Эта практика продолжалась недели три. Нас перевели в другой цех, где тоже, откровенно, делать было нечего. Пошел в заводскую библиотеку, набрал книг и начал «запоем» читать Джека Лондона, Ремарка, Хемингуэя, модных в то время писателей.
Все было бы ничего, но подошла суббота, завод закрыт – пятидневка – а где же «харчеваться?» Ну, ладно завтрак, а обед, а ужин? Обратились к руководителю, а у него самого стоял такой же вопрос! «Найдите, где-нибудь в городе столовую, там и питайтесь». А ужин? На этот вопрос он никак не ответил.
Не знаю, как сейчас, но в, то Советское время, город Балашов, мне никак не показался. Какой то, хмурый, неласковый, с постоянными ветрами со снегом и песком вперемежку. Круговым движением автобусов, военным училищем летчиков транспортной авиации, заводскими столовыми, мукомольным заводом и домом культуры при нем, рестораном «Хопер», который до 17 часов работал как кафе, а после – как ресторан. Вот и пойми их, этих Балашовцев, простой курсант, Пермского ВКИУ.

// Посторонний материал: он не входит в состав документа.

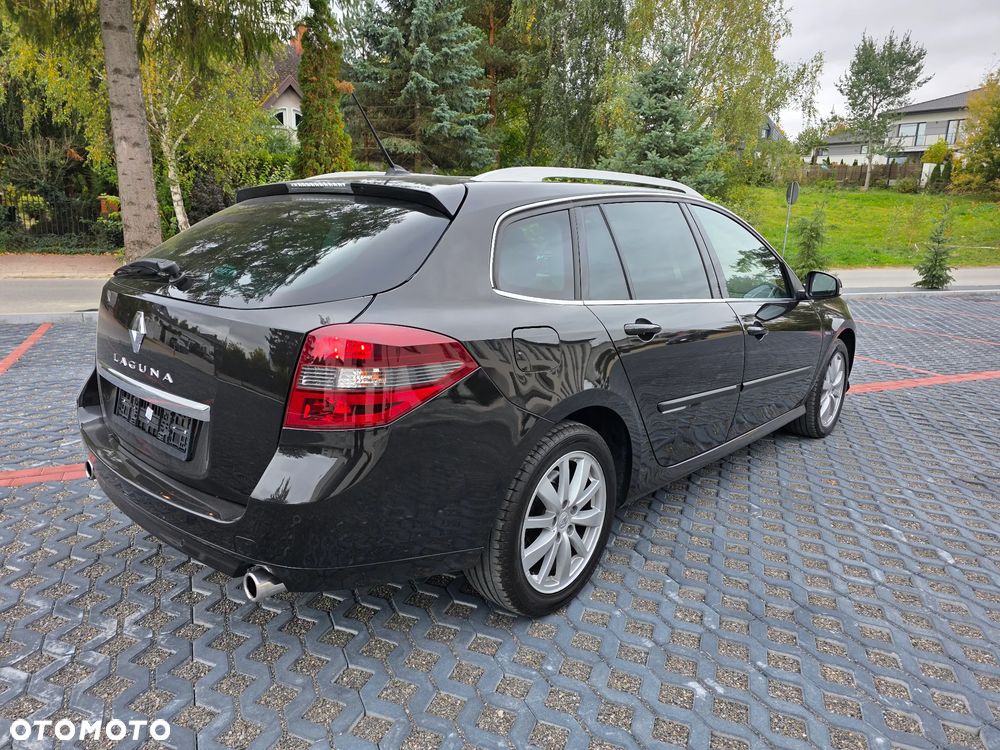 Renault Laguna 2.0 T Bose Edition - 20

Пошли первый раз в «Хопер», пообедали, а ужинали уже в «общаге». Я так увлекся чтением, читал «запоем» и не обращал внимание на то, что творилось вокруг меня, не реагировал даже на то, что ребята писали «пулю». «Белое безмолвие», «Белый клык», «Джон – ячменное зерно», «Мартин Иден» – знает ли такие классические произведения Джека Лондона современная молодежь? Уверен, что не знают! Им сегодня чтение книг заменяют гаджеты, интернет, планшеты, андроиды, не самый, я бы сказал, хороший вариант.
Наш куратор полковник Хворост жил в «генеральском» номере, один, и наше поведение ему, до определенного момента, было как-то не интересно. Мы не тревожили его, он не тревожил нас, у нас установился такой безмолвный паритет, не знал он еще тогда, на что мы способны. Подкармливали его, как нам казалось, «тетеньки» – дежурные по общежитию, уж больно ласковые беседы он с ними вел, но, может быть, это было и не так, утверждать не могу.
Прошла суббота. С утра в воскресенье, попили чайку с хлебом, кабачковой икрой и завтраком туриста. Решили, сегодня идем в «Хопер» и наедимся до отвала, чтобы уже обедать в заводской столовой завтра. Сказано – сделано, «голод не тетка», начистили «перышки» и рванули в город нагуливать аппетит. Как всегда, на улице был сильный ветер со снегом и песком, там он, по-моему, дует, не переставая, как там жители живут? И мы вдесятером, в начищенных «хромачах», чисто выбритые, почти строем направлялись к месту, где должны были пообедать, да, возможно, и поужинать. А вот и он – храм чревоугодия «Хопер», в цветных огнях и вывеской «Добро пожаловать», и припиской ниже «Мест нет». Для нас места были, столик мы заказали еще вчера, поэтому официантки нас уже встретили, как старых знакомых и с распростертыми объятиями.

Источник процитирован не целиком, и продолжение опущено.